- Expert Show autographed edition cover

Studio album 達人Show by Show Lo
- Released: 22 October 2004
- Genre: Mandopop, Hip-hop
- Length: 44:27
- Language: Mandarin
- Label: Avex Taiwan
- Producer: Di Zi, Bi Guoyong, Guo Jianlian, Chen Zihong

Show Lo chronology
| Show Time (2003) | Expert Show (2004) | Hypnosis Show (2005) |

Alternative cover

= Expert Show =

Expert Show (達人Show) is Taiwanese Mandopop artist Show Lo's second Mandarin studio album. It was released on 22 October 2004 by Avex Taiwan. A second collectible edition, Expert Show (Collectible Edition) (達人Show 影音珍藏版) (CD+VCD) was released on 25 November 2004 with a bonus VCD containing four music videos.

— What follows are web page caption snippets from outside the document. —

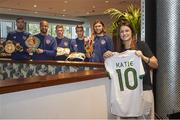 11 November 2020; Boxer Katie Taylor with members of the Republic of Ireland team, from left, Shane Duffy, Darren Randolph, James McClean, Seamus Coleman and Jeff Hendrick at their Wembley hotel in London, England. Photo by Mark Robinson / Matchroom Boxing via Sportsfile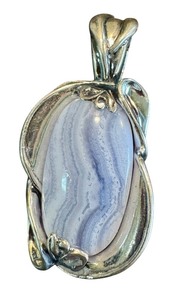 lot 40J image: Carolyn Pollack 925 Silver and Blue Lace Agate Pendant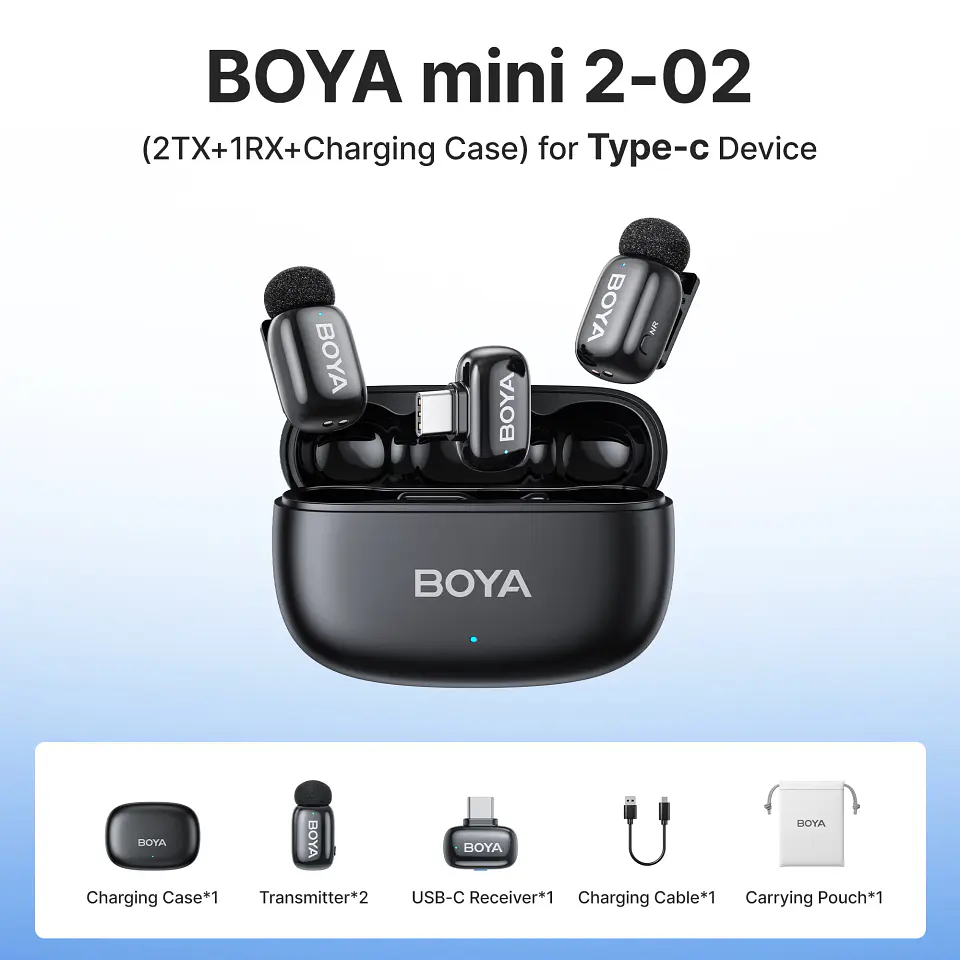 Micrófono inalámbrico de solapa BOYA Mini 2 con reducción de ruido por IA, mini micrófono para iPhone 6-14/15-17 y teléfonos Android USB-C, para grabación de video 13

The album features collaborations with Dee Shu (aka Xiao S) and Taiwanese boy band Energy and the music video for "小丑魚" (Clown Fish) features Rainie Yang. It also contains two songs composed by Show and the ending theme song of Taiwanese drama Outsider II (鬥魚2), starring Show.

==Album==
Following Show Lo's J-hip hop debut album Show Time, he broadened the 'hip hop culture' with an Eastern European style. In this he continues his partnership with producers Golden Melody Award winner and songwriter Di Zi (阿弟仔), Bi Guoyong (畢國勇) and Guo Jianliang (郭建良); plus Chen Zihong (陳子鴻) as well as choreographer Tommy (大目) of Dance Soul studios.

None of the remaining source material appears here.